Each entry is to be retyped exactly as it appears, and each image is to be dropped.

[Dataset records]
........

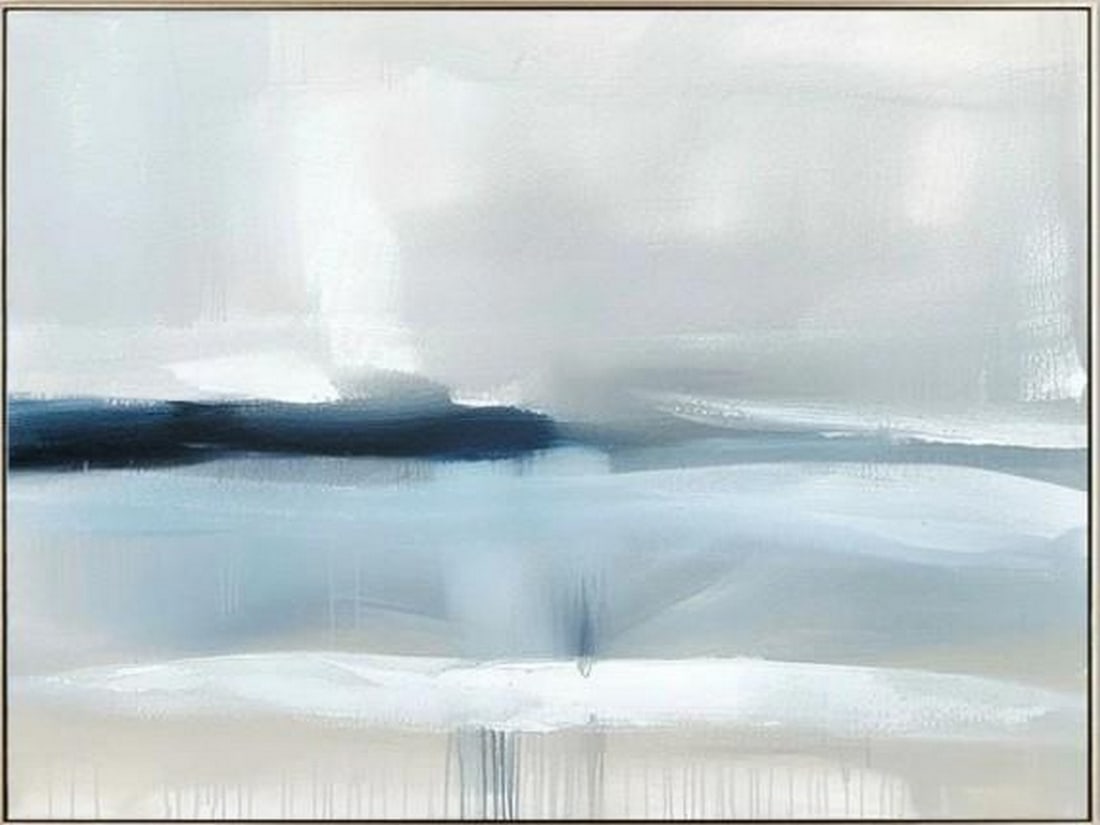 Calm Current: Calm Current Calm Current flows with soft tones of light blue, misty white, and subtle gray, creating a soothing abstract composition that evokes sky, water, and breath. Gentle brushstrokes and layere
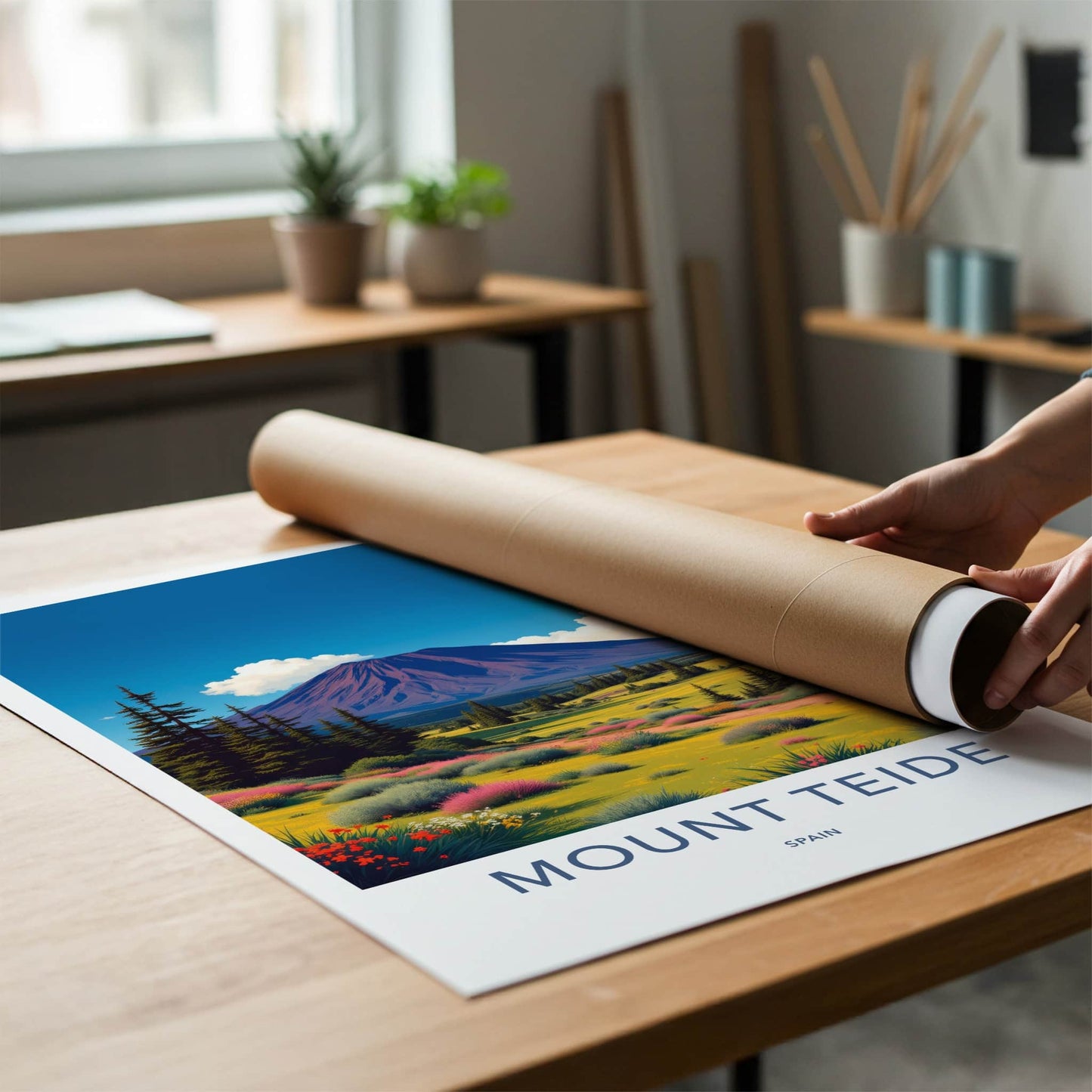 Mount Teide Poster - Spain Travel Art - Vibrant Bloom Landscape Home Decor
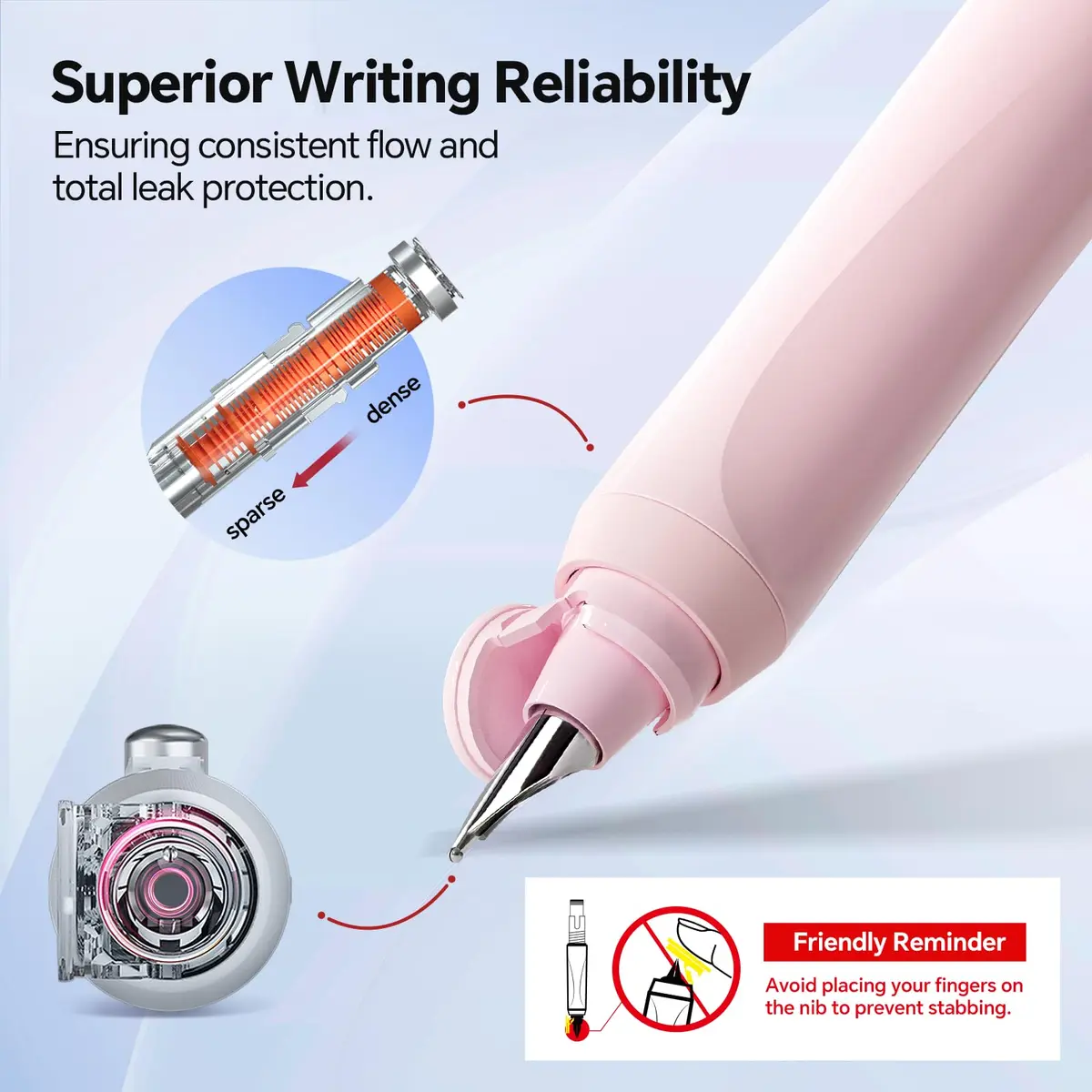 WRITECH Clictek Retractable Fountain Pen Fine Point 0.5mm (Pink) | Smooth Ink Flow - view 4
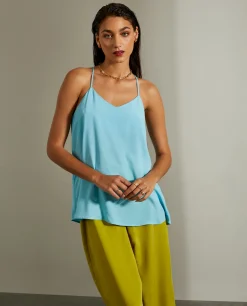 MULHER LION OF PORCHES Blusas^Top de alças fluido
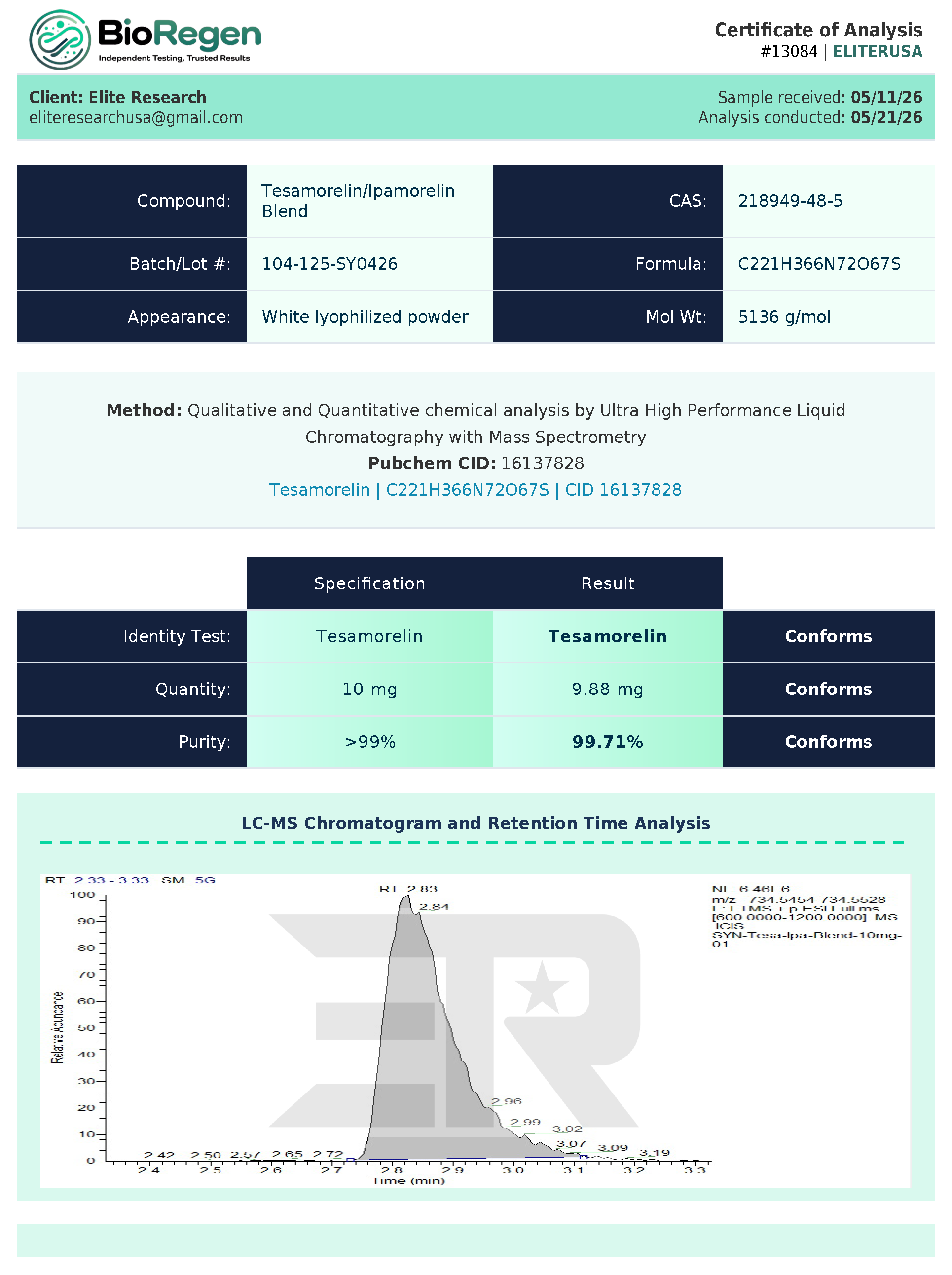 Certificate of Analysis for BioRegen COA from Elite Research USA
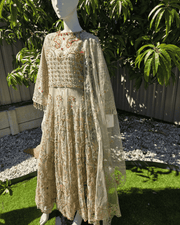 Chic Beige Pakistani Gown with Dupatta 7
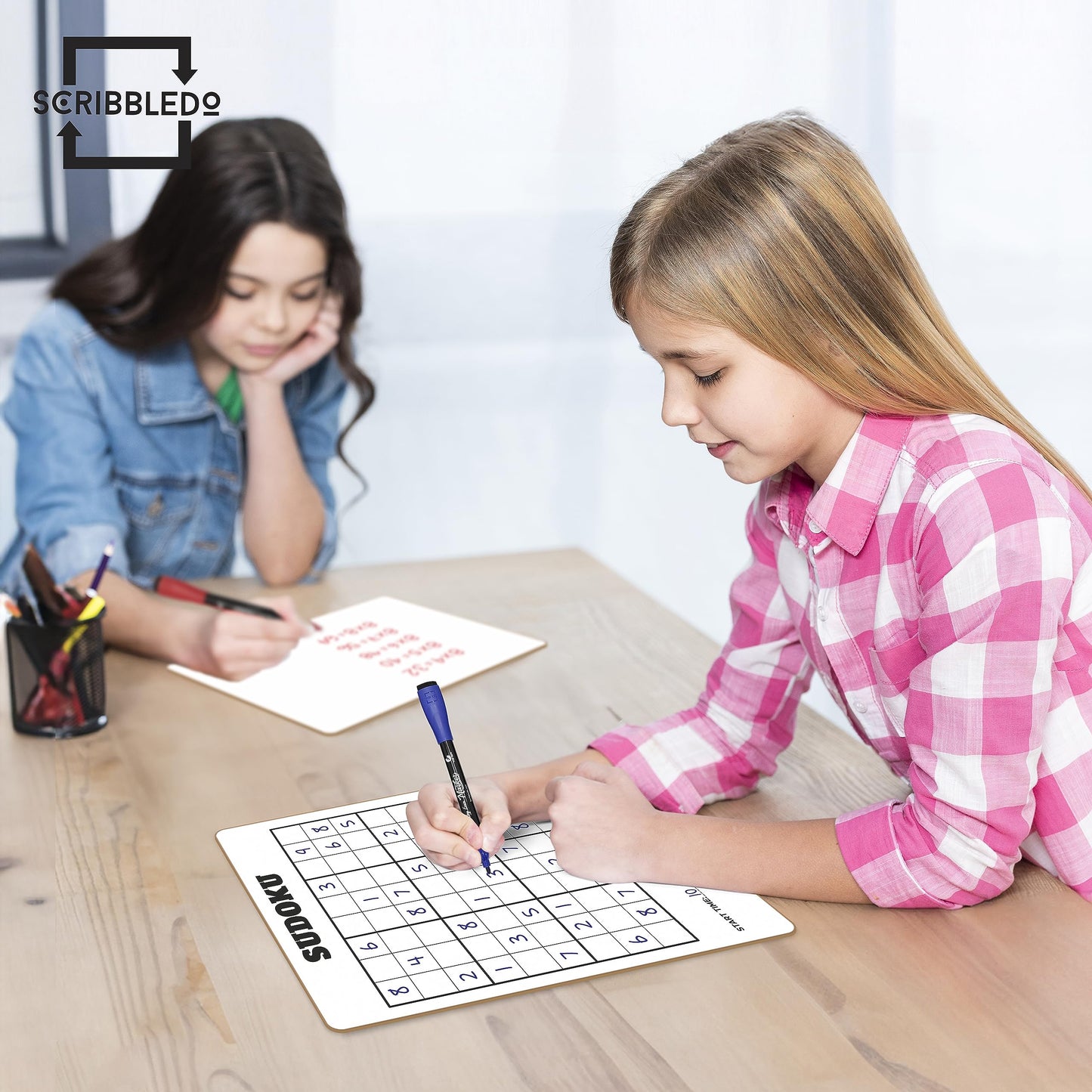 SCRIBBLEDO Dry Erase Sudoku for Kids Sudoku Puzzles for Adults All Ages 9”x12” White Board Easy Hard Sudoku Math Educational Game Whiteboard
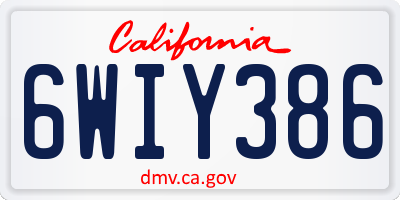 CA license plate 6WIY386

........

• **Answer box**:
 Calm Current: Calm Current Calm Current flows with soft tones of light blue, misty white, and subtle gray, creating a soothing abstract composition that evokes sky, water, and breath. Gentle brushstrokes and layere
 Mount Teide Poster - Spain Travel Art - Vibrant Bloom Landscape Home Decor
 WRITECH Clictek Retractable Fountain Pen Fine Point 0.5mm (Pink) | Smooth Ink Flow - view 4
 MULHER LION OF PORCHES Blusas^Top de alças fluido
 Certificate of Analysis for BioRegen COA from Elite Research USA
 Chic Beige Pakistani Gown with Dupatta 7
 SCRIBBLEDO Dry Erase Sudoku for Kids Sudoku Puzzles for Adults All Ages 9”x12” White Board Easy Hard Sudoku Math Educational Game Whiteboard
 CA license plate 6WIY386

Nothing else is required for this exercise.